The Videsh Seva Medal is a service medal of the Indian Armed Forces. It is presented to all ranks of the three services for services rendered outside India. It was instituted on 26 January 1960. It can also be awarded posthumously

==History==
The Videsh Seva Medal was instituted on 26 January 1960 by the Government of India, with the approval of the President of India. Five other medals were instituted on the same day — the Vishisht Seva Medal series (Class I, Class II, Class III), (Note: These awards were later renamed Param Vishisht Seva Medal, Ati Vishisht Seva Medal and Vishisht Seva Medal respectively.) the Sainya Seva Medal, Sena Medal, Nao Sena Medal and the Vayu Sena Medal.

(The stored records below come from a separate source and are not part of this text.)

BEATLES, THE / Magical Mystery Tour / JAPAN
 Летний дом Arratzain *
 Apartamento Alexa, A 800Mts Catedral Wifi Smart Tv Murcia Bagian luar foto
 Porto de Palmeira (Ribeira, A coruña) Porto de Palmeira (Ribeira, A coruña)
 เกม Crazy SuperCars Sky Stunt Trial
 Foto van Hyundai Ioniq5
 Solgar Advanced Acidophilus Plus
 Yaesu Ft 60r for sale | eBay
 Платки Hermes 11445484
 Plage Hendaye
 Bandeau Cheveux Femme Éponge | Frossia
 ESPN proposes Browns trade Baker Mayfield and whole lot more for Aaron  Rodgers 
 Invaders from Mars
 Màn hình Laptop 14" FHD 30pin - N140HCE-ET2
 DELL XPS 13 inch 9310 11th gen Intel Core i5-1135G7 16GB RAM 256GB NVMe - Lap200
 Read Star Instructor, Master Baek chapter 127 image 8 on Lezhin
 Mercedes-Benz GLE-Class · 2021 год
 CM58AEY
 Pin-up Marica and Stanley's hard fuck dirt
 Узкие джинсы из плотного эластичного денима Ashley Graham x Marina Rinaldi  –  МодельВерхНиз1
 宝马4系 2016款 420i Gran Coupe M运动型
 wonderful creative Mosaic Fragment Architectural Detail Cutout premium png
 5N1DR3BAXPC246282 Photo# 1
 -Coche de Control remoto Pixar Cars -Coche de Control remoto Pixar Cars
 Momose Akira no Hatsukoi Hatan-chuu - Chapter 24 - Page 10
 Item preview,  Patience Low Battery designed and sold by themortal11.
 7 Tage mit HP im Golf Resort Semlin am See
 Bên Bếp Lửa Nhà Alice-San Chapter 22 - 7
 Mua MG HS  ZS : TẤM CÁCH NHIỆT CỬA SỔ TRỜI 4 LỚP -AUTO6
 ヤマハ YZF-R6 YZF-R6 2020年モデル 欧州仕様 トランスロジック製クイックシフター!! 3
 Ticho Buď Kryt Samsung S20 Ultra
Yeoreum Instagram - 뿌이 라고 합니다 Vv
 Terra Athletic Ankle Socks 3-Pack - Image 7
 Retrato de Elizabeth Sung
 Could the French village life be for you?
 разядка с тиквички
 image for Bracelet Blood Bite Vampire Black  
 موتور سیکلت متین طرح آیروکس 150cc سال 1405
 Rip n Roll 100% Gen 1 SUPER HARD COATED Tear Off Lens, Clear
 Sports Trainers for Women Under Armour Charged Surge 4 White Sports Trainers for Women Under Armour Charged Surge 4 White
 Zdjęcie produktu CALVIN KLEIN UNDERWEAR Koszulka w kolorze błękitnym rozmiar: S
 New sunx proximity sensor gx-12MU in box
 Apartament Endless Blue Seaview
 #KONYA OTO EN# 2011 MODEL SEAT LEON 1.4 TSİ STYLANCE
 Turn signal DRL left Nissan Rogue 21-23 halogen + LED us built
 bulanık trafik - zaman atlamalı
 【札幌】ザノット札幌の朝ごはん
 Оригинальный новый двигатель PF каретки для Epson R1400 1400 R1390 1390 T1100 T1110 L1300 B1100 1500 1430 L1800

At the time of institution, it was to be awarded for duties outside India on:
- the UN emergency Force or on loan to the Government of Egypt
- the staff of the Haile Selassie Military Academy in Ethiopia
- loan to the Government of Ghana
- the staff of the International Commission for Supervision and Control in Indo-China (Vietnam, Laos and Cambodia)
- loan to the Indonesian Government
- loan to the Iraqi Government
- the staff of the Neutral Nations Repatriation Commission or the Indian Custodian Force in Korea
- the staff of the United Nations Observation Group in Lebanon
- the effective strength of a unit or formation employed on the construction of the Tribhuvan Rajpath and airfields in Nepal or on the work of provision of signal communication during the Nepalese elections or on the effective strength of the Indian Military Training Mission or the Indian Military Training Advisory Group in Nepal or on survey or transport support roles over Nepal.

==Eligibility==
All ranks of the three services – Indian Army, Indian Navy and Indian Air Force, along with the Territorial Army, embodied Auxiliary and Reserve Forces or any other lawfully constituted Armed Forces are eligible for the grant of the award. Nursing Officers and other members of Nursing Services are also eligible. Persons with regular staff of diplomatic mission do not fall within purview of the medal. Posthumous awards also may be made.

==Medal==
The medal is circular in shape and is made of cupronickel. It is 35 mm in diameter, fitted to a plain horizontal bar with standard fitting. It shall have embossed on the obverse the State Emblem and the inscription below it along the rim. On its reverse, it shall have a warship of ancient times. The ribbon is 32 mm in width and is in cobalt blue colour with 5 vertical stripes of white dividing it into six equal parts. The clasps to the medal are bars 32 mm long with the name of the country of service inscribed on it.